By Eva Weber
As we make our way through the half way point of the semester, having completed some difficult midterm exams, many of us might be heaving sighs of relief.
There are those of us, however, who despite having the weight of midterms lifted off our shoulders have begun to panic.
With the semester drawing close to the end, the realization that spring semester is slowly creeping up on us has many seniors alarmed. The ever-approaching deadline comes with the realization that our lives here at Simmons are coming to an end, and that we must step out into this so called “real world” and make something of ourselves.
Friends and family members may already be asking the ever terrifying question, “What are you going to do after college?”
What am going to do? Did I pick the right major for my future job? Do I even know what I want that job to be? Do I have the slightest clue where I even want to live? The questions start to pile up and for some they may remain unanswered.
Who do we turn towards while stuck in this rut about our futures? Tina Fey? Hillary Clinton? Successful Simmons alumnae?
Might I suggest Homer Simpson: an average citizen with a loving, supportive family and no clue what he wants to do with his life (sound like a college student you might know?)
Homer Simpson might not be the first person who comes to mind as inspiration, but take a deeper look. Over the past 400 episodes of the Simpsons, Homer has landed 188 different jobs: from astronaut to voice actor, to telemarketer to public speaker. Sure, 188 different jobs might paint him as an unreliable worker, but bear with me here.
Homer is an inspiration to the confused college student for many reasons, and there are lots of lessons we can learn from him.
To begin with, Homer is open to new experiences, even if he’s not sure what he’s getting himself into. This is a great way to be when job hunting or even when you’re looking for internships. Take a look at an application; it may not be exactly what you were looking for, but apply anyway. It could turn out that you really enjoy the work and want to delve deeper into it. Just be open to new possibilities.
Remaining stubborn and static about not finding any openings with the career you were dead set on isn’t going to help anything. Branch out! Learn some new skills so that when an opportunity to snatch up your dream job comes, you’re a more versatile, skilled (and therefore more desirable) worker.
Another thing we can learn from Homer is how to network.
This lesson coincides with being open to new experiences. You’ve also got to be open to meeting new people. Most of the jobs Homer landed were from being a nice guy to the right people. You never know who could be connected to who and where relationships can take you.
It can always be a bit daunting to introduce yourself to the higher-ups in the world, but you have to remember that they used to be exactly where you’re standing. It’s also key to remember that they got to where they are now by branching out and making connections to help further their successes. All you need to do is step out of your shell and let people know that you’re a valuable person, who’s ready to take on whatever life throws at you.
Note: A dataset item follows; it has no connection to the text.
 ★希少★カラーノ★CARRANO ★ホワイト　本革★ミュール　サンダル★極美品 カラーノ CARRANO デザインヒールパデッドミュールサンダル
Probably the most important thing we can learn from Homer Simpson is a lesson on passion. With every new career, Homer threw himself into his work and was passionate about it. Granted, his time with a new career may have only lasted for one episode before he was on to the next one, but I stand by my case. Be passionate about whatever you’re doing.
Don’t waste your time looking at jobs that put money in the bank; find a job opportunity that you’re excited to tackle. And don’t just stick to one thing. You can begin a job with high energy, but if your passions start to make you look elsewhere, go for it! Don’t get stuck just because it’s stable; find what makes you happy. Finding a job you love means never having to work a day in your life.
Yes, Homer Simpson can be incompetent, and yes, he’s failed at a lot of his jobs, but so will you. Things won’t always work out, and it’s better to fail fast and move onto the next thing. Find your strengths and weaknesses through your failures; don’t just mope about them, learn from them.